To train all the different agents on PyBullet environments, follow these steps:

```commandline
git clone https://github.com/dongminlee94/deep_rl.git
cd deep_rl
python run_bullet.py
```

For other environments, change the last line to `run_cartpole.py`, `run_pendulum.py`, `run_mujoco.py`.

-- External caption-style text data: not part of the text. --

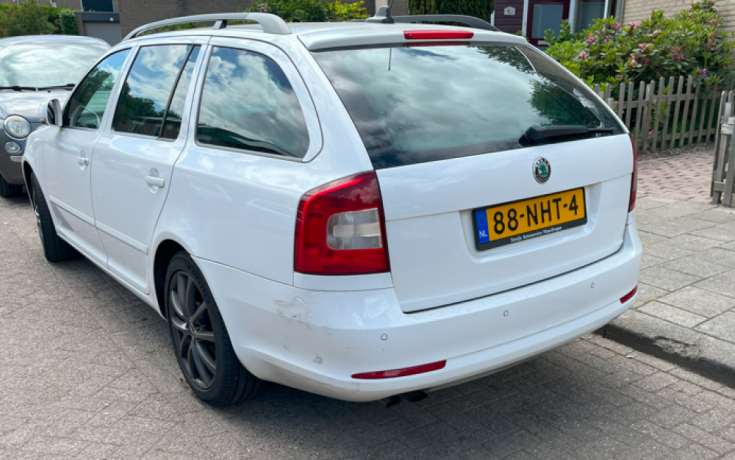 eksport-skoda-octavia-14-tsi-elegance-business-line-big-2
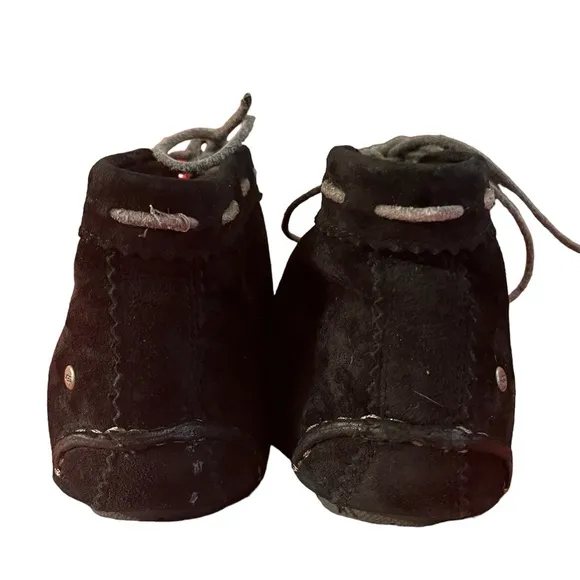 UGG brand leather loafer. Size 11. Gently worn.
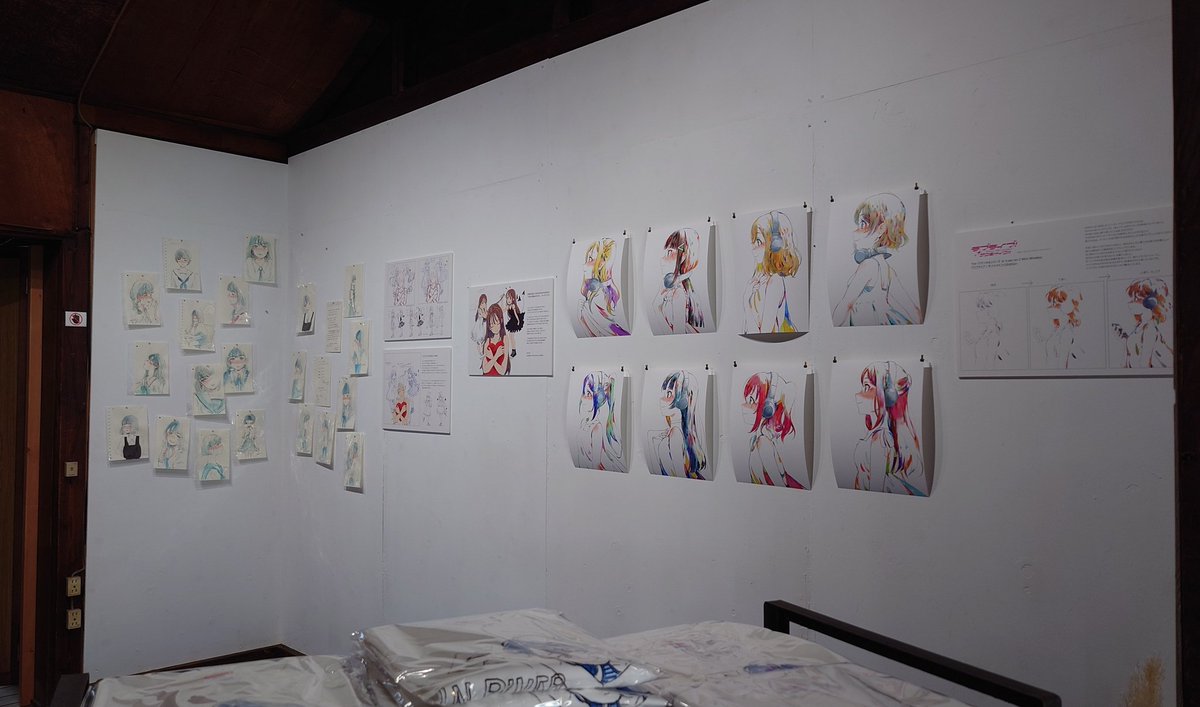 39_sora_ll's tweet photo. ゆのさんの個展開催中のリバーブックスさんへ

素敵な雰囲気にAqoursや朱夏さんの楽曲が流れる空間で様々なジャンルの本にゆのさんの絵たちが溶け込んでいました。

絵はもちろんだけど版権に関する文章も是非読んでほしい。

#INRIVERBOOKS
#ゆの展 
#Aqours 
#沼津 
#RIVERBOOKS https://t.co/xzR2D9kGas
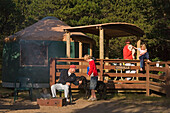 Eine Familie zeltet in einer Jurte im South Beach State Park in der Nähe von Newport an der zentralen Küste Oregons.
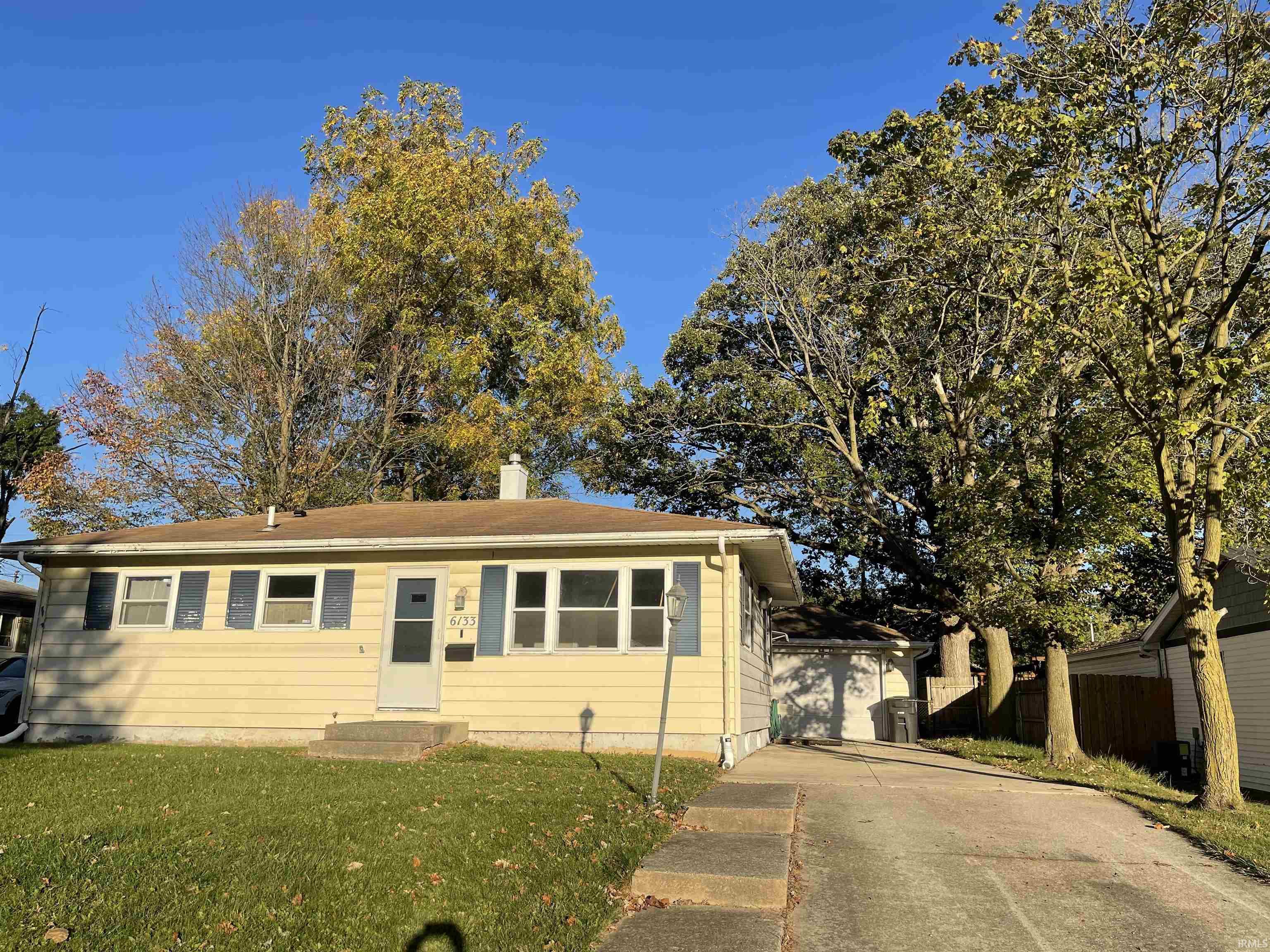 6133 Kent Road — photo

If you want to change configurations of the agents, follow this step:
```commandline
python run_bullet.py \
--env=HumanoidDeepMimicWalkBulletEnv-v1 \
--algo=sac-aea \
--phase=train \
--render=False \
--load=None \
--seed=0 \
--iterations=200 \
--steps_per_iter=5000 \
--max_step=1000 \
--tensorboard=True \
--gpu_index=0
```

### 2) To watch the learned agents on the above environments

To watch all the learned agents on PyBullet environments, follow these steps:

```commandline
python run_bullet.py \
--env=HumanoidDeepMimicWalkBulletEnv-v1 \
--algo=sac-aea \
--phase=test \
--render=True \
--load=envname_algoname_... \
--seed=0 \
--iterations=200 \
--steps_per_iter=5000 \
--max_step=1000 \
--tensorboard=False \
--gpu_index=0
```

You should copy the saved model name in `save_model/envname_algoname_...` and paste the copied name in `envname_algoname_...`. So the saved model will be load.